Mars - 8.
— T'as fait quoi ?
Victor recula un instant, surpris par l'exclamation de son amie. Il fallait dire que Pauline était particulièrement expressive quand elle le voulait. Or, là, elle avait plus crié que parlé, signe que son excitation envahissait tout son corps.
— T'as bien entendu, soupira le garçon. Ce n'est pas si extraordinaire que ça, Lili.
— Non mais... C'est juste génial ! T'as réussi à passer ton oral d'anglais sans bégayer plus de trois fois ! Et t'as eu dix-sept, Victor ! Tu ne dépasses jamais le treize à l'oral ! C'est Yann qui t'a entraîné ? Tu peux me le dire, hein.
— Eh bien...
— Je doutais un peu de lui, au début. Je croyais qu'il aurait quand même eu une légère mauvaise influence sur toi.
Tout en buvant une gorgée de son verre d'eau, Pauline ferma les yeux et leva légèrement le menton, un air philosophe sur le visage.
— Comme quoi, il n'y a que les cons, qui ne changent pas !
— Qui est con ?
Victor et Pauline tournèrent la tête vers l'origine de la voix, qui s'avérait être le con en question. Une bouffée de chaleur s'empara des joues du lycéen, gêné que son camarade ait pu entendre toute la conversation.
— Eh bien, ce... c'est que... commença la demoiselle, visiblement aussi perturbée que son meilleur ami. On parlait des gens en général.
— Ouais. Pauline croit bon de m'expliquer la vie avec ses proverbes.
— Mais les proverbes sont le vent qui caressent les jeunes pousses au printemps, petit scarabée, dit-elle, un doigt en l'air.
— Tu veux manger avec nous ? demanda Victor. Aïe !
Il lança un regard assassin à Pauline en se massant la jambe.
— Qu'est-ce qu'il y a ? demanda Yann, en haussant un sourcil.
— Je me suis cogné contre cette stupide table, et... aïe ! merde, quel imbécile, je recommence ! En même temps ils pourraient les concevoir autrement, ces foutues tables !

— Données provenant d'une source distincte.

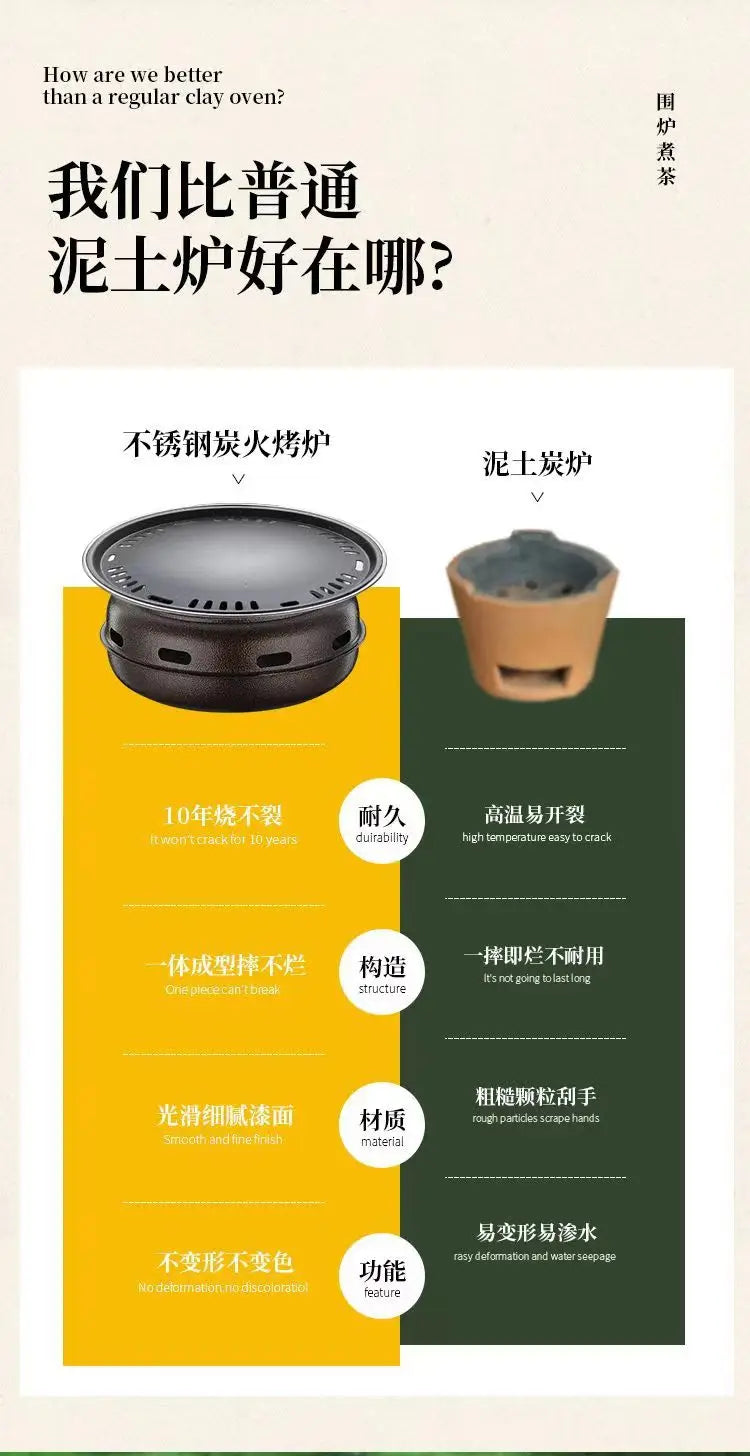 Portable Charcoal Grill Set for Outdoor BBQ Korean Style Smokeless Cooking Tea Stove Family Use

En se frottant la jambe, il croisa le regard de sa camarade qui, par un simple jeu d'oeillades, lui fit comprendre qu'ils reprendraient cette discussion plus tard.
Elle serait bien capable de me poursuivre jusqu'en Enfer pour avoir les nouvelles de l'affaire Leprince... Je suis pas un magazine people, moi, merde ! se lamenta-t-il en se remettant droit.
Yann, de son côté, s'installa à côté de son ami. Il y posa son plateau et commença à manger.
— Au fait, ça s'est bien passé ? demanda-t-il à Pauline.
— Niquel. C'est dommage que tu n'étais pas là.
Il acquiesça, heureux que sa camarade ait réussi. Même s'ils n'entretenaient pas les meilleures relations du monde, le populaire appréciait la meilleure amie de son collègue.
— Et toi ?
— Moi ? s'interrogea Victor en se pointant du doigt.
— Non, le pape.
— C'était... Je sais pas vraiment quel mot employer.
— Incroyablement génial, intervint Pauline.
— Voilà. J'aurais dit absolument trop cool, mais ça marche aussi ! Je suis trop fier de moi.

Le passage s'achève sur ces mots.